The Principle, Rule, Doctrine of Implied Repeal I

It is well settled that in a case where there is a repealing clause to a particular Act, it is a case of express repeal, but in a case where doctrine of implied repeal is to be applied, the matter will have to be determined by taking into account the exact meaning and scope of the words used in the repealing clause. It is equally well settled that the implied repeal is not readily inferred and the mere provision of an additional remedy by a new Act does not take away an existing remedy. While applying the principle of implied repeal, one has to see whether apparently inconsistent provisions have been repealed and re-enacted.
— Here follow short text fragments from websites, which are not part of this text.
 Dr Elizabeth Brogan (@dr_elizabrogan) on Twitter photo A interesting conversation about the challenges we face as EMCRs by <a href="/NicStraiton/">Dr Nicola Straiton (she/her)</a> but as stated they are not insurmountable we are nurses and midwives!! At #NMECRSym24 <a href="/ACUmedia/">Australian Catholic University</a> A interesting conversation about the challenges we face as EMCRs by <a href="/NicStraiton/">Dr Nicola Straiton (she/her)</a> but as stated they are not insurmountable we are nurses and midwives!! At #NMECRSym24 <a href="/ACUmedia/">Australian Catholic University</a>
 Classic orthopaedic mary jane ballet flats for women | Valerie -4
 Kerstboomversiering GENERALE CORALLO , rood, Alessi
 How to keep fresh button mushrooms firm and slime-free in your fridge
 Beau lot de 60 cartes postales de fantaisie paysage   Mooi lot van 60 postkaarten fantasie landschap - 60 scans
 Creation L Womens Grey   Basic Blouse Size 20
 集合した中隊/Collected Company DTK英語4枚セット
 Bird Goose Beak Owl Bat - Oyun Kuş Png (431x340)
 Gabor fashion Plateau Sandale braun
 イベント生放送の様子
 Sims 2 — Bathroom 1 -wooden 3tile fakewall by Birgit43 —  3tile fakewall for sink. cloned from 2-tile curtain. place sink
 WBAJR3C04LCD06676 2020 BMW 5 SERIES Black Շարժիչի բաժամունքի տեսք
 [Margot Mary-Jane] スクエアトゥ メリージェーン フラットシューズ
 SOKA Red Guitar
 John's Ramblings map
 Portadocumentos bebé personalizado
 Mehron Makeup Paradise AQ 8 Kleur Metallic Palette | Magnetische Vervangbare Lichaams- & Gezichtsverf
The implied repeal of an earlier law can be inferred only where there is enactment of a later law which has the power to override the earlier law and is totally inconsistent with the earlier law and the two laws cannot stand together. If the later law is not capable of taking the place of the earlier law, and for some reason cannot be implemented, the earlier law would continue to operate. To such a case, the rule of implied repeal may result in a vacuum which the law making authority may not have intended.

There is a presumption against repeal by implication. The reason for the presumption is that the Legislature while enacting a law has complete knowledge of the existing laws on the subject matter and, therefore, when it is not providing a repealing provision, it gives out an intention not to repeal the existing legislation. If by any fair interpretation, both the statutes can stand together, there will be no implied repeal and the Court should lean against the implied repeal.”

Hon’ble Justice M.Y. Eqbal , Lal Shah Baba Dargah Trust v. Magnum Developers, [Civil Appeal No. 14565 of 2015].